Look through the data below and extract, unchanged, the lines from the one that contains "So what I'd" to the one that contains "The hello interval", both included.
Start of Block
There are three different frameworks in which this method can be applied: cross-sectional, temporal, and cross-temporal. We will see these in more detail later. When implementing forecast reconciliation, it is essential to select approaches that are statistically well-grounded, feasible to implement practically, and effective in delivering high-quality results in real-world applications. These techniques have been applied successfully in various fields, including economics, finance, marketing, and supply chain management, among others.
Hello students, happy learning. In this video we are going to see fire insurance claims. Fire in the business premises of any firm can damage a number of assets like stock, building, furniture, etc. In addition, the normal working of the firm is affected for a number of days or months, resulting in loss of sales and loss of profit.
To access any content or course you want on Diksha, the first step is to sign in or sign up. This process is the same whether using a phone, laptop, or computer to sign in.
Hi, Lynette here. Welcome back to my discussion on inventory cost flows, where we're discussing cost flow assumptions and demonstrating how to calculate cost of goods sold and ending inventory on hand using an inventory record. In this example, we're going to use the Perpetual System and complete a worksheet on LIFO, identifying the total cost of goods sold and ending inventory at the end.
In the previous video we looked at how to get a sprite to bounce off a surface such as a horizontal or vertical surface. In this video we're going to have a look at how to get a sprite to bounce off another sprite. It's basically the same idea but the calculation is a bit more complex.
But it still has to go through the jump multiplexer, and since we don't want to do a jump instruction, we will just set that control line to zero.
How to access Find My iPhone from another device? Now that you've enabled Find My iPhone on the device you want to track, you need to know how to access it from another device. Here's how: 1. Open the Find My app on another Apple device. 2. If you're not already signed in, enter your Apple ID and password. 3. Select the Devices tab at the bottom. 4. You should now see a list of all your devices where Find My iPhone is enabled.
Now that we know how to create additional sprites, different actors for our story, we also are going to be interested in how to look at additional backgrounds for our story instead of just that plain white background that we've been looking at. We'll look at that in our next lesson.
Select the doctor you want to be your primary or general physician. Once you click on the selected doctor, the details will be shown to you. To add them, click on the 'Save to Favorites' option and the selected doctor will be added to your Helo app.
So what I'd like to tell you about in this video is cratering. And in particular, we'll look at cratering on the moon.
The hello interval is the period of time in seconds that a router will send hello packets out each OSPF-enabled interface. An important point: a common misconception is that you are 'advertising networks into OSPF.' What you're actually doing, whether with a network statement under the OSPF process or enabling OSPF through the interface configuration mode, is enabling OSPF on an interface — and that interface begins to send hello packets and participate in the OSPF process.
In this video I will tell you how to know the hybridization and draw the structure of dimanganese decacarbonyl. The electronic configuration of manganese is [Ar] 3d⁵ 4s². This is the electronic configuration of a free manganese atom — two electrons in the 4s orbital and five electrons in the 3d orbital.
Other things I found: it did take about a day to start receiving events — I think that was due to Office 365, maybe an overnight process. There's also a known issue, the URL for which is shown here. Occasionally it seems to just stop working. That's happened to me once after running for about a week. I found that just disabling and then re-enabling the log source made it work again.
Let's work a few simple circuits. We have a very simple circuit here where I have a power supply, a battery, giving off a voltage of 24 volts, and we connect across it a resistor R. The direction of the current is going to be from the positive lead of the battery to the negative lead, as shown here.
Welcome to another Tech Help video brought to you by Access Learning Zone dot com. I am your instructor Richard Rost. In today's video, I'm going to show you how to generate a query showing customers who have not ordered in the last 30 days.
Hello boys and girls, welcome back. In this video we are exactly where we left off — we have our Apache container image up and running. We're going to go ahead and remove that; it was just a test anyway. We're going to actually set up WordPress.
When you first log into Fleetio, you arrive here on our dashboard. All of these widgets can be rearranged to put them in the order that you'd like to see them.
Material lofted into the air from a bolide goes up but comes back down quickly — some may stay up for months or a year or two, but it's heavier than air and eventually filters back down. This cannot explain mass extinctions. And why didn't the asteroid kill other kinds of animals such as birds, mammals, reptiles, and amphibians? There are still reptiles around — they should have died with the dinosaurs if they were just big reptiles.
End of Block
**RESULT OF THE EXERCISE**
So what I'd like to tell you about in this video is cratering. And in particular, we'll look at cratering on the moon.
The hello interval is the period of time in seconds that a router will send hello packets out each OSPF-enabled interface. An important point: a common misconception is that you are 'advertising networks into OSPF.' What you're actually doing, whether with a network statement under the OSPF process or enabling OSPF through the interface configuration mode, is enabling OSPF on an interface — and that interface begins to send hello packets and participate in the OSPF process.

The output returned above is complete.